Problem statement
Set down the data below in full and exactly, minus the pictures.

Exercise materials
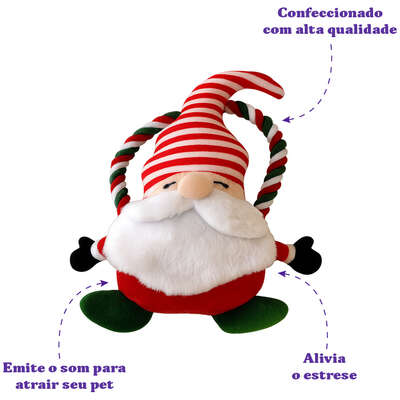 Brinquedo Pelúcia Savana Pet Papai Noel com Corda Branco para Cães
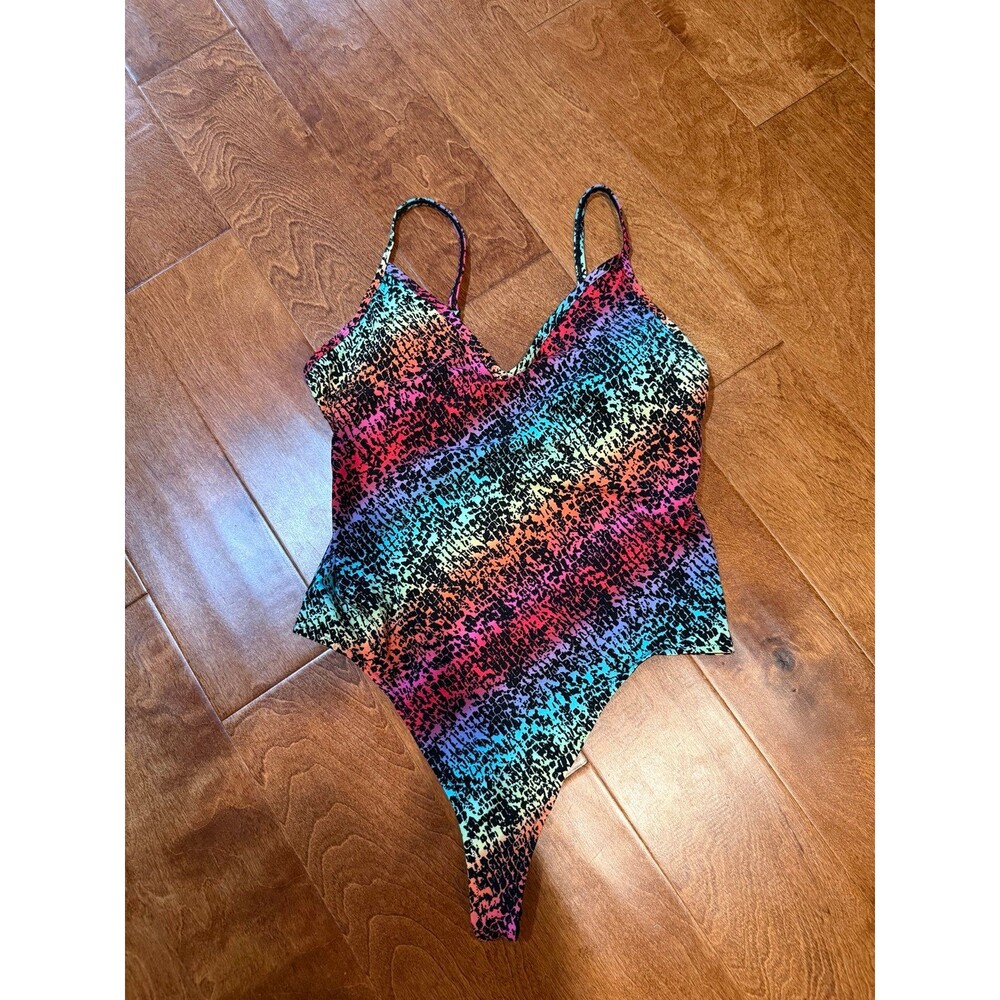 Victoria’s Secret PINK bodysuit rainbow size large
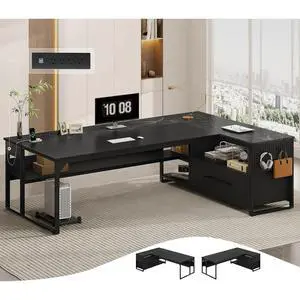 71" L Shaped Executive Desk, Reversible Computer Desk with Mobile File Cabinet and Power Outlets, Large Office Desk with Storage Shelves for Home Office, Marble Black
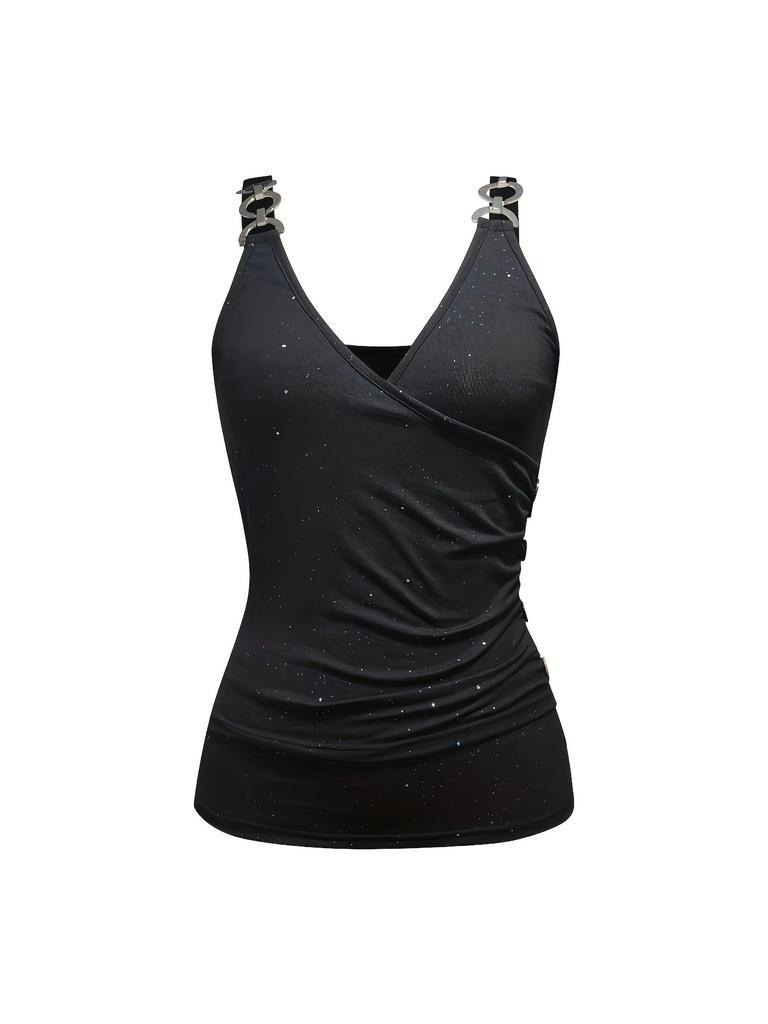 European and American summer fashion women's clothing metal suspenders temperament slim T-shirt top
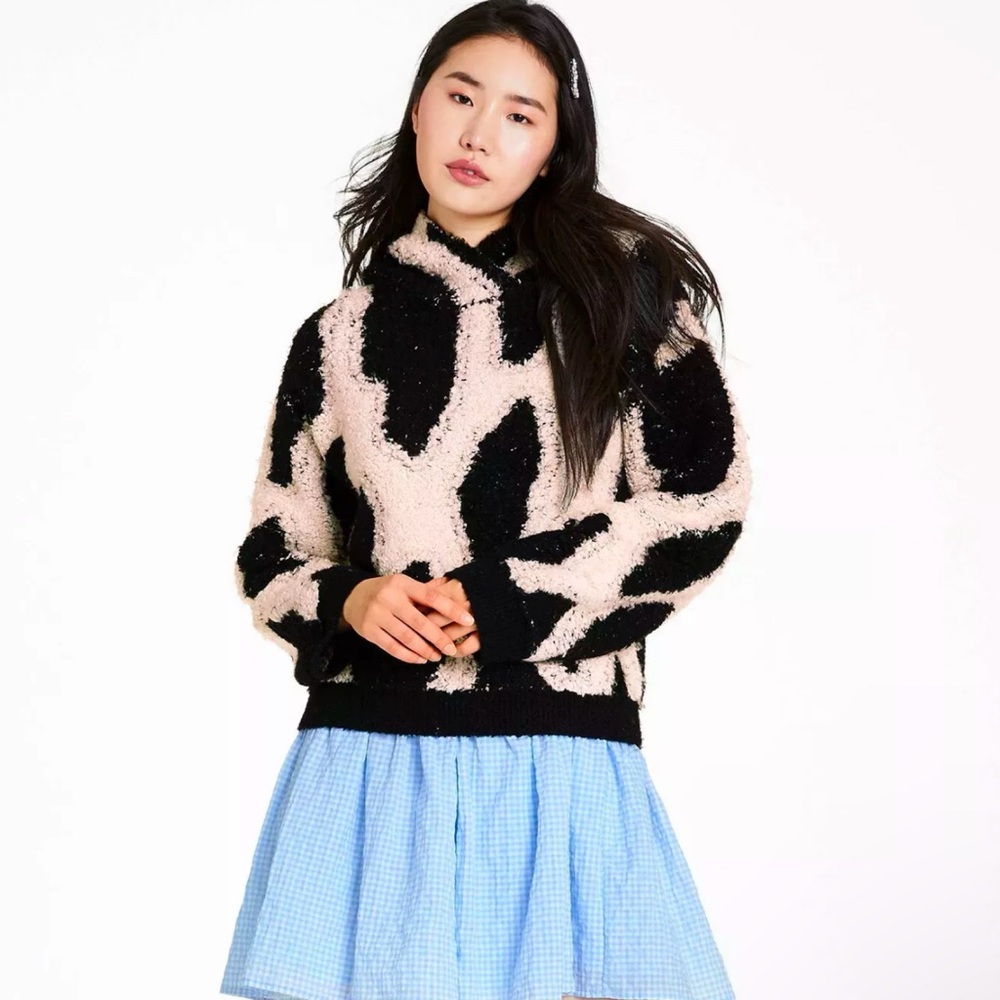 SANDY LIANG x Target Leopard Print Sherpa Hooded Grunge Sweatshirt M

Solution for this exercise
 Brinquedo Pelúcia Savana Pet Papai Noel com Corda Branco para Cães
 Victoria’s Secret PINK bodysuit rainbow size large
 71" L Shaped Executive Desk, Reversible Computer Desk with Mobile File Cabinet and Power Outlets, Large Office Desk with Storage Shelves for Home Office, Marble Black
 European and American summer fashion women's clothing metal suspenders temperament slim T-shirt top
 SANDY LIANG x Target Leopard Print Sherpa Hooded Grunge Sweatshirt M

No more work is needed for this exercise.